Mombetsu Racecourse
- The Polaris Stand
- Interactive map of Mombetsu Racecourse
- Location: Hidaka, Hokkaido, Japan
- Coordinates: 42°32′16.6″N 142°0′10.7″E﻿ / ﻿42.537944°N 142.002972°E
- Operated by: Hokkaido Keiba
- Date opened: December 8, 1997
- Capacity: 1,300
- Race type: Thoroughbred
- Course type: Dirt, right-handed
- Notable races: JBC Nisai Yushun

= Mombetsu Racecourse =

Horse racing venue in Hidaka, Hokkaido, Japan

Mombetsu Racecourse (Japanese: 門別競馬場, romanized: Mombetsu Keibajō) is a horse racing venue in Hidaka, Hokkaido, Japan. It is operated by Hokkaido Keiba and is used for races conducted by the National Association of Racing (NAR). The racecourse opened on December 8, 1997.

== History ==
The site was previously used as the Mombetsu Thoroughbred Training Center, which served as a training and residential base for Hokkaido Keiba personnel and horses. The racecourse was developed from the existing training facilities and opened in December 1997.

From 2009, Hokkaido Keiba began holding its races at Mombetsu at night throughout the racing season. The night-racing programme is known as Grand Chariot Night, a name derived from the Big Dipper.

A second grandstand, the Polaris Stand, was added in 2009, providing an additional 800 places and bringing the combined capacity of the main grandstands to 1,300.

An inner course was constructed in 2015 to provide additional racing distances. It is 1,376 metres in circumference and is used for 1,500- and 1,600-metre races, while the outer course is 1,600 metres in circumference.

== Course ==
Mombetsu has a right-handed dirt course.
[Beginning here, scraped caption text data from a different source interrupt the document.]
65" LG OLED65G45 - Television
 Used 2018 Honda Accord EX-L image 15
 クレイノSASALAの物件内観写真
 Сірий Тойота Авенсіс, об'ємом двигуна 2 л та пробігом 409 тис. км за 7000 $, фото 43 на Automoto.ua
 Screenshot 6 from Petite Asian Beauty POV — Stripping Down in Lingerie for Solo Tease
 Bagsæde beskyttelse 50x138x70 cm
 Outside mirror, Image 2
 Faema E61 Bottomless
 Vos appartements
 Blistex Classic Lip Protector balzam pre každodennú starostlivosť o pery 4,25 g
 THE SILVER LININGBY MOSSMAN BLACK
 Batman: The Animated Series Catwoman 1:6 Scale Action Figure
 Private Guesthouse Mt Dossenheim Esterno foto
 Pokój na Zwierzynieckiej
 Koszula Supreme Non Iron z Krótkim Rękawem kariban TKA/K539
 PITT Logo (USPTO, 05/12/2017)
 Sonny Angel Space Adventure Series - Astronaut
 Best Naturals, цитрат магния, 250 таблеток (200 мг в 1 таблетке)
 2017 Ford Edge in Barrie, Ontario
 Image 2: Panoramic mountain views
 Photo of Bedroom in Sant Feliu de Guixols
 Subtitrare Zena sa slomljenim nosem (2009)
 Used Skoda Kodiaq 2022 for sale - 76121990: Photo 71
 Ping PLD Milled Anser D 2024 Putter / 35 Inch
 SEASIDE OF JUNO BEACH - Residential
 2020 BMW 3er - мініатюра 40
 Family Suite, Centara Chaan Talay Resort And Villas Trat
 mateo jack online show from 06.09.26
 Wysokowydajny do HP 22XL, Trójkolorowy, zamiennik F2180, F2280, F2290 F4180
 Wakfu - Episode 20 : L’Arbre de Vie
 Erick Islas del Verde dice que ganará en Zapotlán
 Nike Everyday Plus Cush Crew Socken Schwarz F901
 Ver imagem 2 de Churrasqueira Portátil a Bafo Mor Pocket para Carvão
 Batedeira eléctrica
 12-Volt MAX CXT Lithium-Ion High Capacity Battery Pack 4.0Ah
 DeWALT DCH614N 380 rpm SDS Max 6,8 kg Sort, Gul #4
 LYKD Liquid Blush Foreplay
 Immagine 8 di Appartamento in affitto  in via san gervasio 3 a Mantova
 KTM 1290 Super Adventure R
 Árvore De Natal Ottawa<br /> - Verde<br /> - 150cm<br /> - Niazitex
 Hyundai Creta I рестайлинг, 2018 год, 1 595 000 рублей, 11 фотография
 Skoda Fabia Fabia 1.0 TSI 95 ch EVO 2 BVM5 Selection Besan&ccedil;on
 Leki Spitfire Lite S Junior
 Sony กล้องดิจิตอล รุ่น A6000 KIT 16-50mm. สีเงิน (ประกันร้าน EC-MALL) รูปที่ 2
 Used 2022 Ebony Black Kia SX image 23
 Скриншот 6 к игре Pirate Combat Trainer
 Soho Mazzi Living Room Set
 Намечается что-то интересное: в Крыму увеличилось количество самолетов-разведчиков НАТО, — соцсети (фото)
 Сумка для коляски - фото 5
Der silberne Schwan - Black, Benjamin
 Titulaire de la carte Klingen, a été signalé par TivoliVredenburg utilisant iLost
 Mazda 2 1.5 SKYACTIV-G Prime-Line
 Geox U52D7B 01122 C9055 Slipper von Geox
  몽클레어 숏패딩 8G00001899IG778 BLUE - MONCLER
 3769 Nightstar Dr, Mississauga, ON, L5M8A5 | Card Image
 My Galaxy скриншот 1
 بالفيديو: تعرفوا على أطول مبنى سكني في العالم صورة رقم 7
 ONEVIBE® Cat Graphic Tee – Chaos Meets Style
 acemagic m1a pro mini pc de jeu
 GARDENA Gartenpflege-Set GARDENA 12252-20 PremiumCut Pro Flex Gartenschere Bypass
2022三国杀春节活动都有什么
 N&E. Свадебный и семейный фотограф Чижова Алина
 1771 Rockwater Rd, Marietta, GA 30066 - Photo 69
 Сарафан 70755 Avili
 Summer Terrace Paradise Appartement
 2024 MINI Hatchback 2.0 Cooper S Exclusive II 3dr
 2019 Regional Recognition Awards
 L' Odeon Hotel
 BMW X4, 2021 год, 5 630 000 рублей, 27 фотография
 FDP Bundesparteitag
The outer course has a circumference of 1,600 metres and a 330-metre straight, while the inner course has a circumference of 1,376 metres and a 218-metre straight. The track is 25 metres wide.

The racecourse is located in Hidaka, one of Japan's principal horse-breeding regions. The relatively mild climate and limited snowfall in the area also allow racing to continue later into the year than at some other Hokkaido venues.

== Notable races ==
The racecourse is the regular venue for the JBC Nisai Yushun, a major two-year-old dirt race conducted as part of the Japan Breeding Farms' Cup programme. NAR describes the race as being held at Mombetsu.

| Month | Race | Distance | Age/Sex |
JPN III
| August | Breeders' Gold Cup | Dirt 2000m | 3yo+ f/m |
| August | Hokkaido Sprint Cup | Dirt 1200m | 3yo+ |
| October | Edelweiss Sho | Dirt 1200m | 2yo f |
| November | JBC Nisai Yushun | Dirt 1800m | 2yo |

===Former races===
- Grand Chariot Cup (JPNIII) - From 1996 until 2003
- Hokkaido Nisai Yushun (JPNIII) - From 1974 until 2019 (replaced by JBC Nisai Yushun)

== J-PLACE Mombetsu ==
The racecourse also operates as J-PLACE Mombetsu, an off-track betting facility for Japan Racing Association races. JRA lists J-PLACE Mombetsu among the Hokkaido facilities that sell tickets for all JRA races on applicable days.

== Facilities ==
The racecourse has two principal grandstands, the A Stand and the Polaris Stand, with a combined capacity of 1,300. A further visitor facility, Tonekko Lounge, was added as part of improvements carried out before the introduction of the JBC Nisai Yushun at Mombetsu in 2020.

The racecourse has free parking for approximately 1,000 vehicles. It is accessible by road from the Hidaka Expressway and by bus services from Sapporo Station.